What you need to do
Look through the records below for the line with "Building Photo - REDUCED!" and the line with "Women's Gray Capris - Picture 7 of 9", then return those lines and all lines between, exactly.
──────── Extracted material
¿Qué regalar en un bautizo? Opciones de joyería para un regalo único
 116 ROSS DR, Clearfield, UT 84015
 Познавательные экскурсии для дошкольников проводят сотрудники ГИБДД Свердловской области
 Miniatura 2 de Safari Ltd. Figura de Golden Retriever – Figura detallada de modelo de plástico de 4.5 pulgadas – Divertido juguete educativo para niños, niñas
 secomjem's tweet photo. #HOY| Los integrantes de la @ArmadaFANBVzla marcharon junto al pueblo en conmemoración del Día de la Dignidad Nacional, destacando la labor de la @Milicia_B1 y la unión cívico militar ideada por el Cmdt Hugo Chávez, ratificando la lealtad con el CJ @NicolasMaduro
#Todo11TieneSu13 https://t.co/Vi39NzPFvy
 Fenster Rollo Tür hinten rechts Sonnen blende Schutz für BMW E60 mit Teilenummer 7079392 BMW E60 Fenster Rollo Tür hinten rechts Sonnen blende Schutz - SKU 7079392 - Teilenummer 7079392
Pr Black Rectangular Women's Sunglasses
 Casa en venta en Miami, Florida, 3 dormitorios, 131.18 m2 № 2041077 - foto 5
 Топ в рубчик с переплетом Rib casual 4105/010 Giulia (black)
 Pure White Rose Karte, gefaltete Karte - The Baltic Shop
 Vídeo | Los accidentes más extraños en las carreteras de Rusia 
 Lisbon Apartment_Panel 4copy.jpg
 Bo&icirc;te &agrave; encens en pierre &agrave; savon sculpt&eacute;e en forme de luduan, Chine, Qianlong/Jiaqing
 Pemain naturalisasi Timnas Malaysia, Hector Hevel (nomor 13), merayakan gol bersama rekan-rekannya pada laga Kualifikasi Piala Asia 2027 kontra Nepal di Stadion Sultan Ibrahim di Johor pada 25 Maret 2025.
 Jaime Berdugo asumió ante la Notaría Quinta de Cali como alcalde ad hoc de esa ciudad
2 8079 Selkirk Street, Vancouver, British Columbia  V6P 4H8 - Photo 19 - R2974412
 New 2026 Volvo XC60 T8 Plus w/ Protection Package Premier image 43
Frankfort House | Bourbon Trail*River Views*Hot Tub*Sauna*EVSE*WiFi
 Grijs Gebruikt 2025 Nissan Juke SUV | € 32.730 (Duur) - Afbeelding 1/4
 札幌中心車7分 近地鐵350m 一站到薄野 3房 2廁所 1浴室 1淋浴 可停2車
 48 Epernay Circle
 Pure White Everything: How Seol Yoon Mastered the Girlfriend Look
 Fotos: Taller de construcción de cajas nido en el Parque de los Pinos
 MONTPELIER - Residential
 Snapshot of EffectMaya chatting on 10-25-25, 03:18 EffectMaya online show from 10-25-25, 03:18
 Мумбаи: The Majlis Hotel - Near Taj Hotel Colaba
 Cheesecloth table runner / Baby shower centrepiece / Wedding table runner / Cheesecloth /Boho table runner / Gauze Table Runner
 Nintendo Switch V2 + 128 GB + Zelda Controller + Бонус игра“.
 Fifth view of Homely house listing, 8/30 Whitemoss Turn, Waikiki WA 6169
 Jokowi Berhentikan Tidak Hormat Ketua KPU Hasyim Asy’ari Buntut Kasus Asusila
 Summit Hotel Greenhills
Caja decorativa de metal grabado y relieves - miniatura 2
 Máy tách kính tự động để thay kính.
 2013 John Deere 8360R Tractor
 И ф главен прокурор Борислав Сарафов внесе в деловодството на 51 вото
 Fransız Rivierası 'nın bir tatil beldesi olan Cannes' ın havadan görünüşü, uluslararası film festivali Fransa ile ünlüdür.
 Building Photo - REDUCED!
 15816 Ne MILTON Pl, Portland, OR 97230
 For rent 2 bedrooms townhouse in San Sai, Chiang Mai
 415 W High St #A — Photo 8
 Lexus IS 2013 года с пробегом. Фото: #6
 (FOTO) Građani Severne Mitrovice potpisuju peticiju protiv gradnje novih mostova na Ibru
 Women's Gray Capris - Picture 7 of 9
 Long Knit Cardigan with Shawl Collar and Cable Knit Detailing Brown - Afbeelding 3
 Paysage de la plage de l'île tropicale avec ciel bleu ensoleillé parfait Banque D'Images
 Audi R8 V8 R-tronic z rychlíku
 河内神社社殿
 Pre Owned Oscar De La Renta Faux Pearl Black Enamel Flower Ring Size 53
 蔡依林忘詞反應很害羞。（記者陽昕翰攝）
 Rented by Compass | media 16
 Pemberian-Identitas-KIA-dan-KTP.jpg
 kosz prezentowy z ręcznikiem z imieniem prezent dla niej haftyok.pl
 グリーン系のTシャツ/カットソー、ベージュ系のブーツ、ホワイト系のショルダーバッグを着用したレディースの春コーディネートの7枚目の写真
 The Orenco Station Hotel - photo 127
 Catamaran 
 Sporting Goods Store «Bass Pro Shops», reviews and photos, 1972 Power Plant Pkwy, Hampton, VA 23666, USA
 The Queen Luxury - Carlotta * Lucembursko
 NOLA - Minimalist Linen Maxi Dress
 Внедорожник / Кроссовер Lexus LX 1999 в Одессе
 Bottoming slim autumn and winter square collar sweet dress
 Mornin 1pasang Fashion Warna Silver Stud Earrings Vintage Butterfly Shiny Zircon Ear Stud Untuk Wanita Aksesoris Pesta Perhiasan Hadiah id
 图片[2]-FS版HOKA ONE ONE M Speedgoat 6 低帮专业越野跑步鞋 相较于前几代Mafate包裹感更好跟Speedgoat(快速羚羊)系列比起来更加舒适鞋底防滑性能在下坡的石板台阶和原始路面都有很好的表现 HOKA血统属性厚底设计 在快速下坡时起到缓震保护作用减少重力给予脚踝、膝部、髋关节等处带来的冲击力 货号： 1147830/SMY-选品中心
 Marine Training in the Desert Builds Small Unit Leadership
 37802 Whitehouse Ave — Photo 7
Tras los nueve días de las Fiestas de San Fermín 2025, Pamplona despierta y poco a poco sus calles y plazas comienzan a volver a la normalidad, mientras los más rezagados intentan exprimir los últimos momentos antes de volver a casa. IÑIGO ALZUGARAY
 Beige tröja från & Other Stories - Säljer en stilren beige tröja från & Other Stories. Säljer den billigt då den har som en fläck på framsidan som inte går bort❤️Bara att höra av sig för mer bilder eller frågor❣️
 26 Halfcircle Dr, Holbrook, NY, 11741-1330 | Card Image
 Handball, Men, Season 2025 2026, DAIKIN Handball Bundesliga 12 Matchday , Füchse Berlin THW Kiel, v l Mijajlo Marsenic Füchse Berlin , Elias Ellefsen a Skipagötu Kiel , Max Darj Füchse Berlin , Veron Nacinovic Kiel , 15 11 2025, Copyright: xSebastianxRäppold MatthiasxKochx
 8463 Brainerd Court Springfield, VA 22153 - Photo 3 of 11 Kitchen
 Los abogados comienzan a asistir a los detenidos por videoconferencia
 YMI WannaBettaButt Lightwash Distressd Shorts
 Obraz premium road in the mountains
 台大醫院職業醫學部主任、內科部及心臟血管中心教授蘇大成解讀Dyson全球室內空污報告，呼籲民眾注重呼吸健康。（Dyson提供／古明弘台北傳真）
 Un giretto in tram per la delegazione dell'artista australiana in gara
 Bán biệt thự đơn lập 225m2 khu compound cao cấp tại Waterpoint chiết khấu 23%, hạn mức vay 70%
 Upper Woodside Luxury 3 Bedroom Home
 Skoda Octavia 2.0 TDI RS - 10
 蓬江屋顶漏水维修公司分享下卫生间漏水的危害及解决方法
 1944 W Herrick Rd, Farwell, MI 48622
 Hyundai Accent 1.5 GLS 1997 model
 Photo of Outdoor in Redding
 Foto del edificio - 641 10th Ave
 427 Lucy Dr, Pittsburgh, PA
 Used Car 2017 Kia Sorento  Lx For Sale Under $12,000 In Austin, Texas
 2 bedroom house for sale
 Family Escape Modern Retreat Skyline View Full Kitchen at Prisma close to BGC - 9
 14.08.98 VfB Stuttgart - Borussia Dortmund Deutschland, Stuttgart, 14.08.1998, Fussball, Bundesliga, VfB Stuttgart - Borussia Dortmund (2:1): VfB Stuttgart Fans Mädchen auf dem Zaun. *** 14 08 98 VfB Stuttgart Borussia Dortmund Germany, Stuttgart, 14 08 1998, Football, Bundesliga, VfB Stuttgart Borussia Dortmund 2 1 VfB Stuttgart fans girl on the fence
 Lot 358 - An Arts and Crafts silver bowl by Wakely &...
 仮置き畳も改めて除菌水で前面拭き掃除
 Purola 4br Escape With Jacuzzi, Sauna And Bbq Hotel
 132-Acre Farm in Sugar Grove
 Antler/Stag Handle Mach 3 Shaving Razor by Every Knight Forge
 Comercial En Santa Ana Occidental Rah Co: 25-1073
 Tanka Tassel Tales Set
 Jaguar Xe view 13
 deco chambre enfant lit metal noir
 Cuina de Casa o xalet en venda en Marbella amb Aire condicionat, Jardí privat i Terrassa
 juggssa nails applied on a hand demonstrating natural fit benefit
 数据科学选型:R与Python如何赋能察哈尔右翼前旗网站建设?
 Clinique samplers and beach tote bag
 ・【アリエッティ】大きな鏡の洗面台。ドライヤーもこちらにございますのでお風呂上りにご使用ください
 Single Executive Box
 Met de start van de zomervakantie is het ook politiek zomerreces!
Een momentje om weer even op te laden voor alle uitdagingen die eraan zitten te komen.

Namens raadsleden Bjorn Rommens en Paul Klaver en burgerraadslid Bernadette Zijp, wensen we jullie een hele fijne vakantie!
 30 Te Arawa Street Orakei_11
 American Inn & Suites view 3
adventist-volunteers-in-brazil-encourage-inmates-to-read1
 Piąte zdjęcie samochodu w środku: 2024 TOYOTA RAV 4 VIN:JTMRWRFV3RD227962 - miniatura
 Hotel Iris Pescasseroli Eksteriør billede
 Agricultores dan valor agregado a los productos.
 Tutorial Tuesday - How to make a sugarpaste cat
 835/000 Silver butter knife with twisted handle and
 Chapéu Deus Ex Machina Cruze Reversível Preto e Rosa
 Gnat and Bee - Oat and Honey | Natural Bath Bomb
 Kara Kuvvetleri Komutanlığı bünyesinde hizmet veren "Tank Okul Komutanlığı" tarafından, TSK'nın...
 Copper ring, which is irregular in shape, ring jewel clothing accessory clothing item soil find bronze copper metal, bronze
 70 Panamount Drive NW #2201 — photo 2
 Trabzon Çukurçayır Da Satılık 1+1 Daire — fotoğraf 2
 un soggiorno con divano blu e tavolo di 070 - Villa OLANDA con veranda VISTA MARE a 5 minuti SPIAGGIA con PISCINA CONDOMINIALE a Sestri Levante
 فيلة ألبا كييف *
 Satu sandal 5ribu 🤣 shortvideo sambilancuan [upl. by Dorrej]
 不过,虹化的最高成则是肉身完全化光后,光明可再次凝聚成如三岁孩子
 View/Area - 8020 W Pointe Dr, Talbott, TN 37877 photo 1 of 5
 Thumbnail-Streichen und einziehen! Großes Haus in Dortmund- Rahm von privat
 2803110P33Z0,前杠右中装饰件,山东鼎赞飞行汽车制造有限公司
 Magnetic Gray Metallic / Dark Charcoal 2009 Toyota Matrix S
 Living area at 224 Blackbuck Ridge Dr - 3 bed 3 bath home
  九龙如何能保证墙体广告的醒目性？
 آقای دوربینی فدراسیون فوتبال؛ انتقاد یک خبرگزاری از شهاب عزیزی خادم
────────────────
Your response
 Building Photo - REDUCED!
 15816 Ne MILTON Pl, Portland, OR 97230
 For rent 2 bedrooms townhouse in San Sai, Chiang Mai
 415 W High St #A — Photo 8
 Lexus IS 2013 года с пробегом. Фото: #6
 (FOTO) Građani Severne Mitrovice potpisuju peticiju protiv gradnje novih mostova na Ibru
 Women's Gray Capris - Picture 7 of 9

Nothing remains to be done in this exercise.